| WORK INSTRUCTION |
Print the lines of the entries below from the one with "Over Fans Taylor" through the final line, exactly as they appear. The pictures are not part of the copy.

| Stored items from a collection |
____
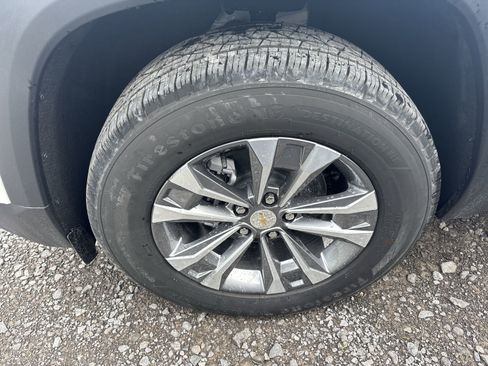 New 2026 Chevrolet Equinox LT FWD image 13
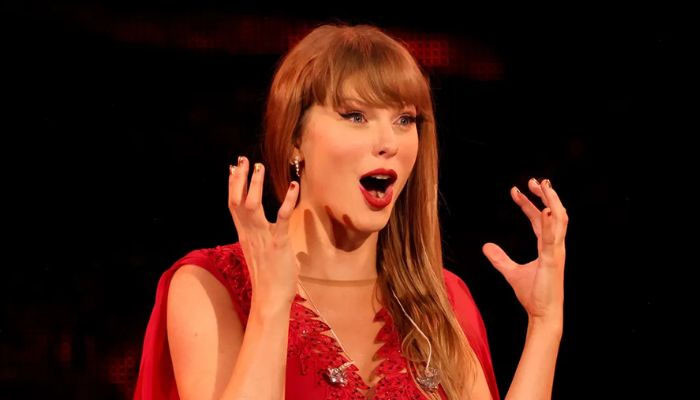 Over Fans Taylor Swift gets emotional over fans' heartfelt gesture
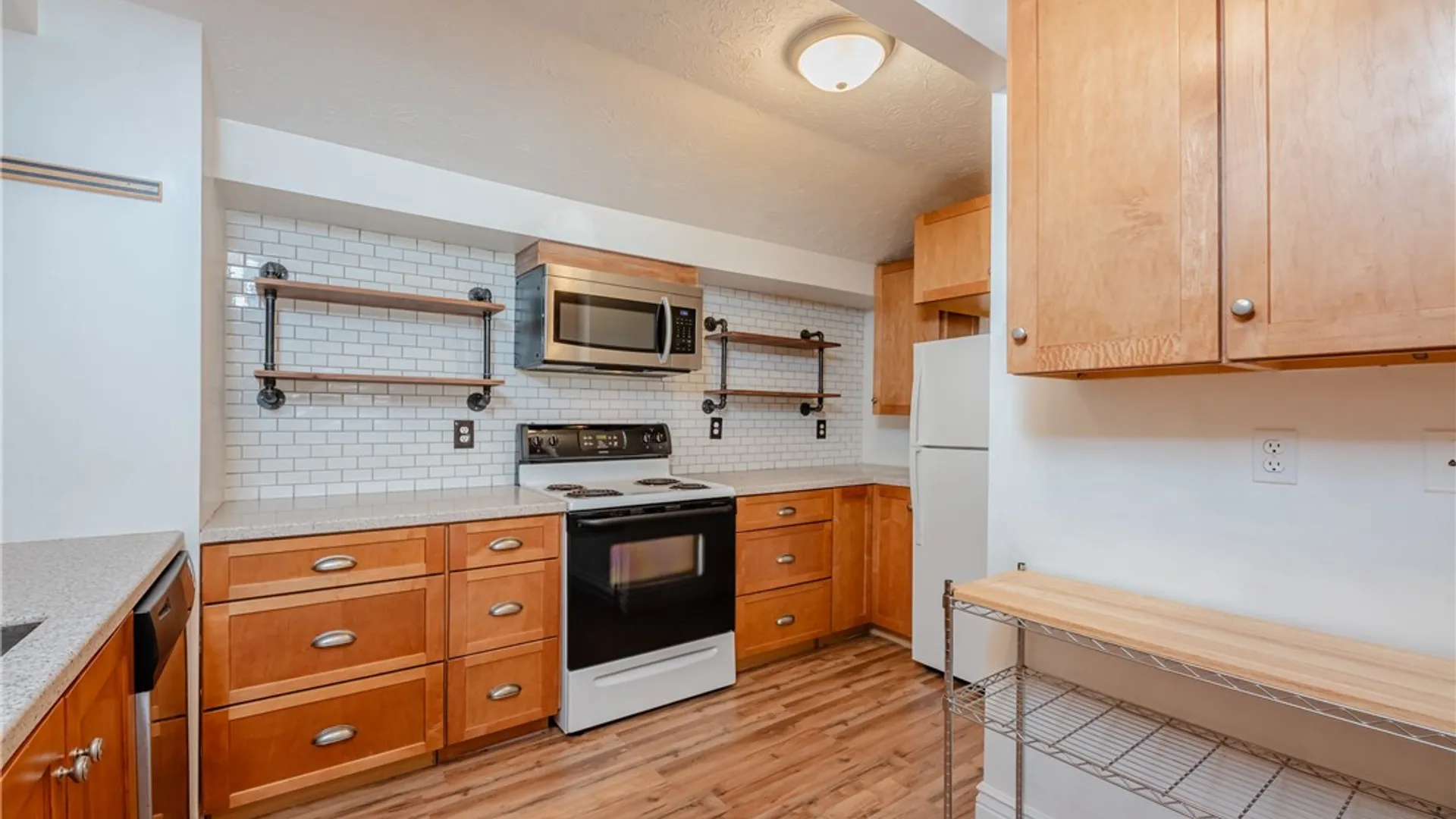 Property at 9 High Gate, Perinton, NY 14450 7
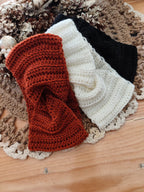 Bandeau au crochet torsadé – Modèle classique fait main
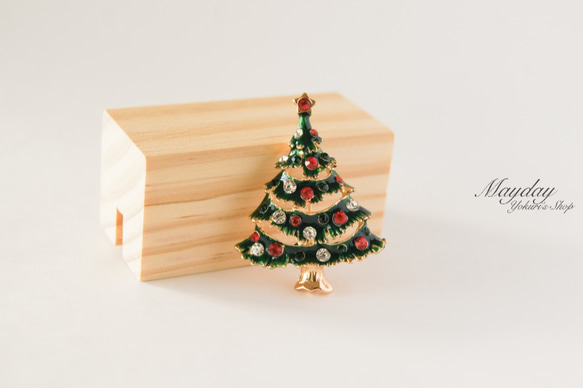 『綺麗に飾られているクリスマスツリーのブローチ』 7枚目の画像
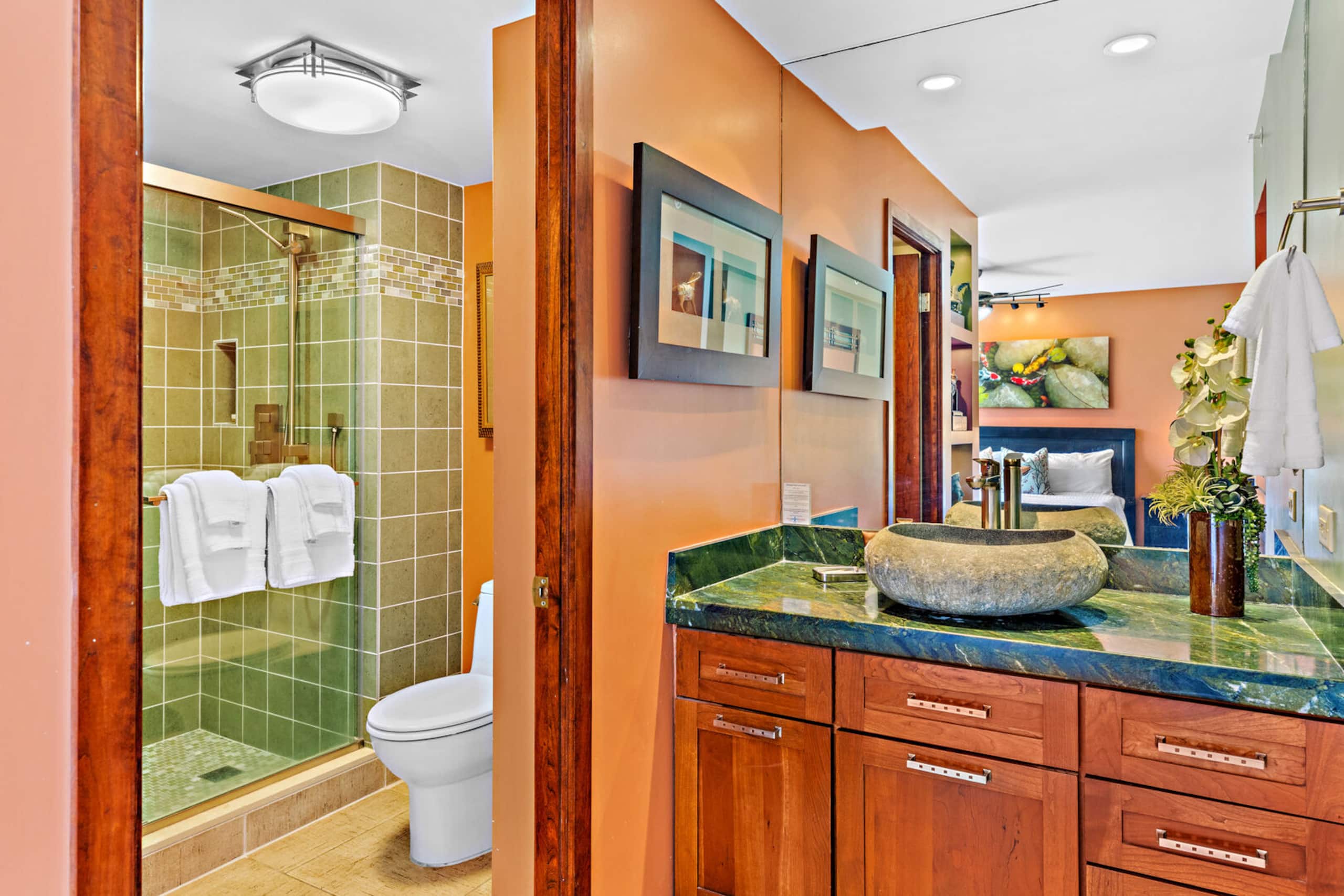 Condo in Lahaina · ★4.89 · 2 bedrooms · 2 beds · 2 baths - Image 25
____
| YOUR SOLUTION |
 Over Fans Taylor Swift gets emotional over fans' heartfelt gesture
 Property at 9 High Gate, Perinton, NY 14450 7
 Bandeau au crochet torsadé – Modèle classique fait main
 『綺麗に飾られているクリスマスツリーのブローチ』 7枚目の画像
 Condo in Lahaina · ★4.89 · 2 bedrooms · 2 beds · 2 baths - Image 25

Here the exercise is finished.